Dataset excerpts
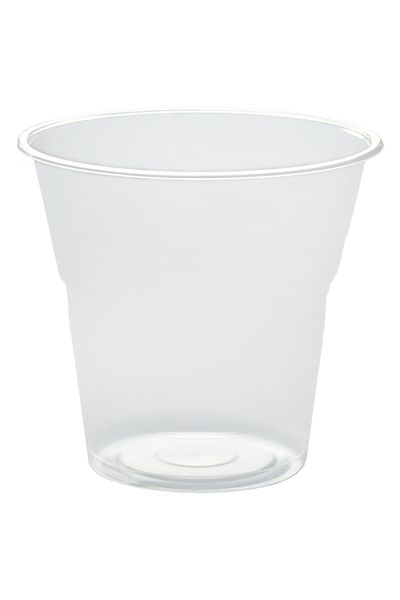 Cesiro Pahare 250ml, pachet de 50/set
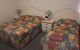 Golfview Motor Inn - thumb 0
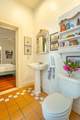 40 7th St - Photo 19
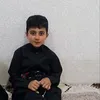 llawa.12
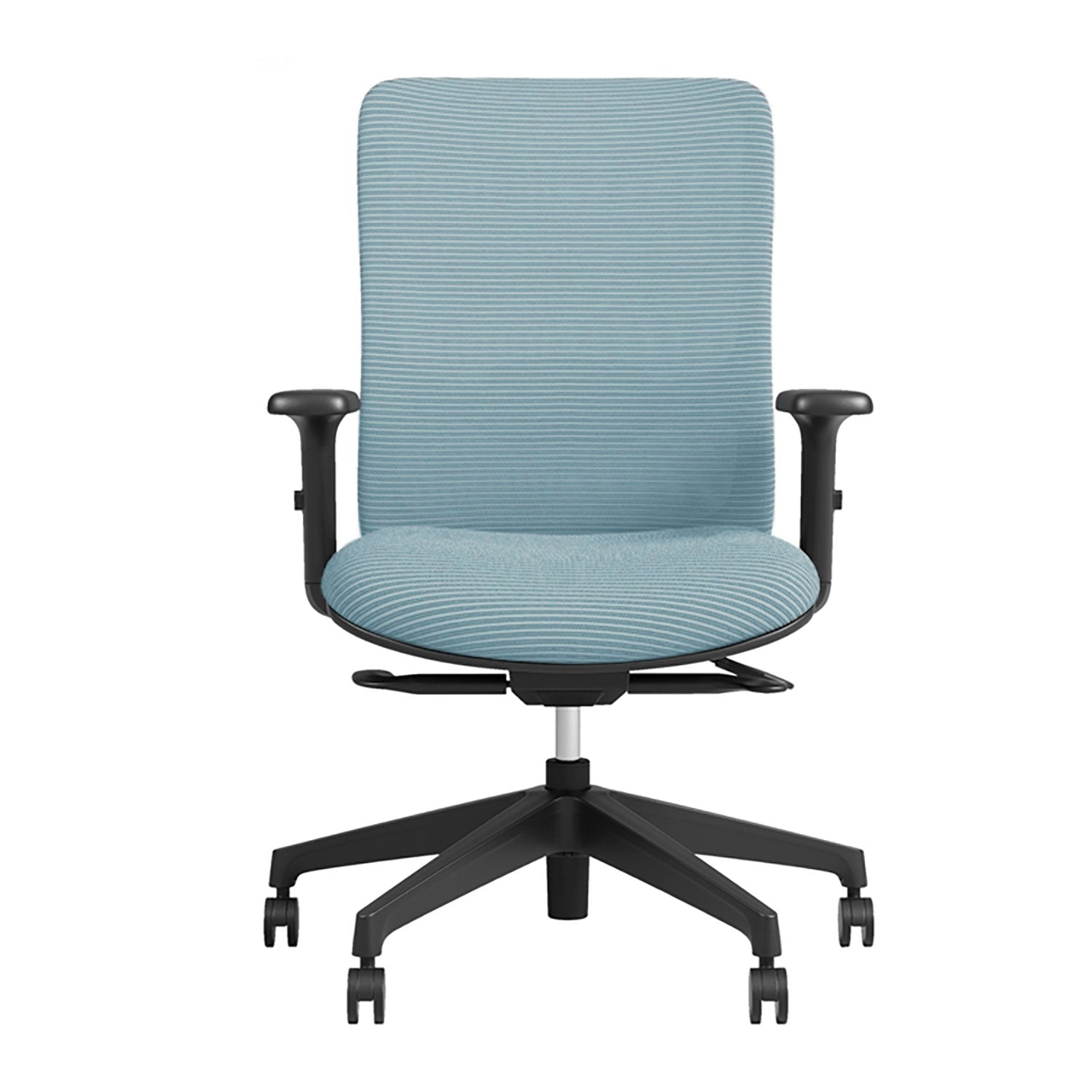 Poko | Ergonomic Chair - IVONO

# [What is being asked]
Images must not appear; print each record precisely as it reads.

# [Exercise result]
 Cesiro Pahare 250ml, pachet de 50/set
 Golfview Motor Inn - thumb 0
 40 7th St - Photo 19
 llawa.12
 Poko | Ergonomic Chair - IVONO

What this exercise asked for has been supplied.